Statutory Approval of Power Purchase Agreement Under Section 86 (1) (B) of Electricity Act, 2003 Mandatory
Background
Adani Power entered into PPA dated 26.12.2005 with Karnataka Distribution Licensees for sale of 90% of the power generated from its 2 X 600 MW imported coal based power project in Udupi District, Karnataka and with PSPCL on 29.06.2006 for the remaining 10%. The two units of the Project were commissioned on 11.10.2010 and 19.08.2012. PSPCL had not entered into any Transmission Service Agreement for evacuation of power and the entire 1200 MW was being sold to the Karnataka Discoms.

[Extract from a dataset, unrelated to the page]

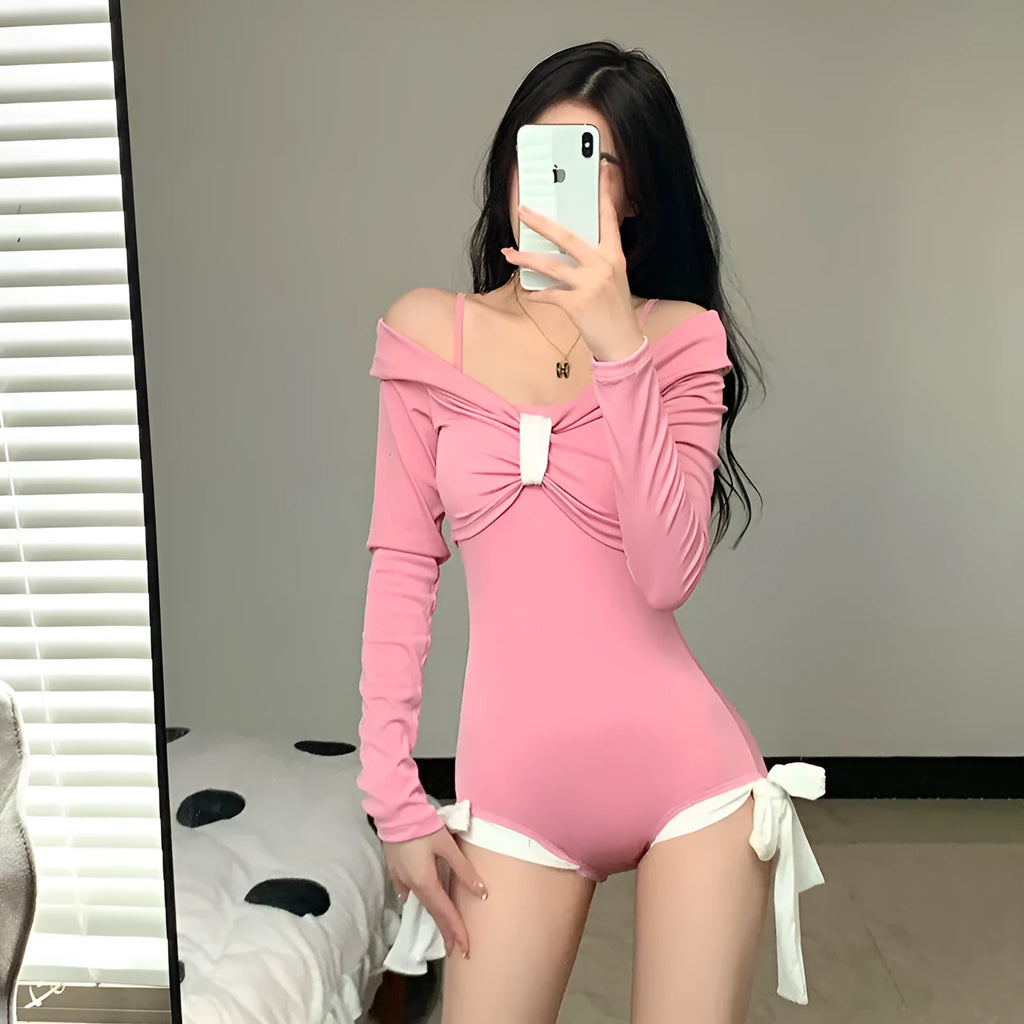 Women's long sleeve one-piece swimsuit in pink or black with figure-flattering design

In 2015, PSPCL sought to opt out of the PPA. In response, Adani agreed to sell power to third parties for a period of three years without any financial implications to PSPCL. In 2018, PSPCL requested that Adani continue to sell power to third parties, but Adani refused.
Thereafter, PSPCL filed Petition No. 41 of 2018 before the Punjab Commission seeking approval of the PPA dated 29.09.2006. The contention of Adani was that the parties are bound to discharge their respective obligation under the PPA irrespective of the date of approval of the PPA and the lack of approval of the PPA by the Punjab Commission does not affect the validity of the PPA. On the other hand, PSPCL’s main contention was that PPA is a contingent contract and it cannot be enforced until approved by the Punjab Commission in terms of the Electricity Act, 2003 and the applicable Rules/Regulations and the settled law.
The Punjab Commission vide its Order dated 07.08.2020, rejected Adani Power’s arguments in Petition No. 41 of 2018. It concluded that there was no necessity for PSPCL to procure power from Adani on a long-term basis, as doing so would not be economically viable. The Punjab Commission highlighted that cheaper power was available in the market, and approving the PPA would not be in the best interest of consumers in Punjab.
Submissions of the Parties Before the Hon’ble Tribunal
Adani Power asserted that the Punjab Commission’s decision that the PPA becomes effective only upon its approval is contrary to the settled position of law that parties are bound to discharge their respective obligations under the PPA, irrespective of approval of the same. That as per the settled position of law whenever a contracting party is obligated to obtain approval/permission to give effect to the agreement, the contract cannot be construed as being contingent upon such obligation being complied with. It was argued that Section 32 of Contract Act, 1872 applies only where the contract itself provides for the contingencies upon happening of which contract cannot be carried out and provides the consequences.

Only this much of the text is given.